# USE Fragen

## Jean-Paul

Hallo,

ich habe bisher nur die Gentoo-Base-Installation gemacht, ohne graphische Oberfläche. Ich habe mir gedacht zunächst

Openbox als WM

Sakura als Terminal 

Geany als Editor und 

Thunar als Filemanager zu installieren.

Dazu habe ich mal "emerge -pv openbox" eingegeben und festgestellt, dass zwar viele x11-Pakete installiert werden sollen jedoch nicht der xorg-server, was mich doch stark verwundert. Das ist übrigens auch bei pekwm und fluxbox so.

Gebe ich aber irgendetwas anderes an (geany, sakura, thunar, sonata), dann wird der xorg-server mit angegeben !!

Warum das so ist, hab ich noch nicht herausgefunden. Ich nehme jedoch nicht an, dass Openbox ohne xorg-server läuft - wenn doch, werd ich das gleich mal testen.

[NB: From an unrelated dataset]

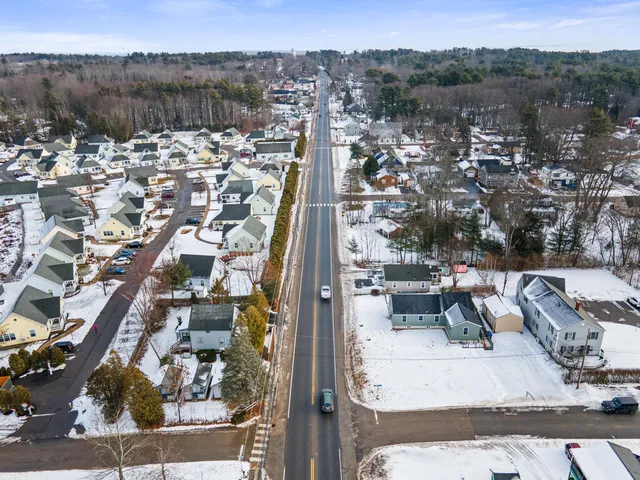 $489,900 | 203 Saco Avenue, Old Orchard Beach, ME 04064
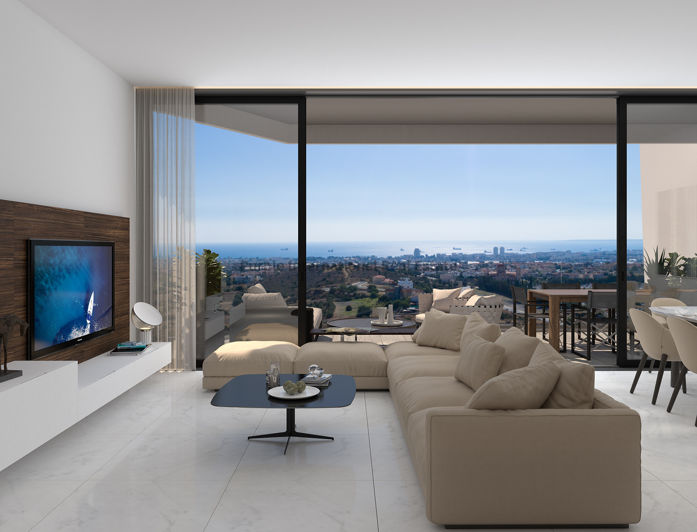 Image No.2-2 Bed Apartment for sale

Jetzt aber zur eigentlichen Frage(n):

1) wenn der xorg-server installiert werden soll, wird auch gamin installiert. Bei glib ist das fam-USE aktiv, kann ich das dann rausnehmen ?

2) mit dem xorg-server werden auch Treiber für alle möglichen Grafikkarten mit installiert. Wenn ich diese durch

USE="-intel -via, -radeon -...." emerge -pv xorg-server

deaktivieren will, hat dies keine Auswirkung. Auch nicht wenn ich die USE in der make.conf eintrage.

Wahrscheinlich sitze ich da einem Denkfehler auf.

Kann ich diese Treiber nachträglich deinstallieren, oder muss ich sie mitschleppen ?

Jean-Paul

----------

## Josef.95

Nein du musst die ganzen Grafik Treiber nicht installieren, deinen gewünschten Treiber setzt du mit der VIDEO_CARDS="XYZ" Variable, siehe hierzu aber am besten mal in die Gentoo Dokumentation, dort ist alles bestens beschrieben.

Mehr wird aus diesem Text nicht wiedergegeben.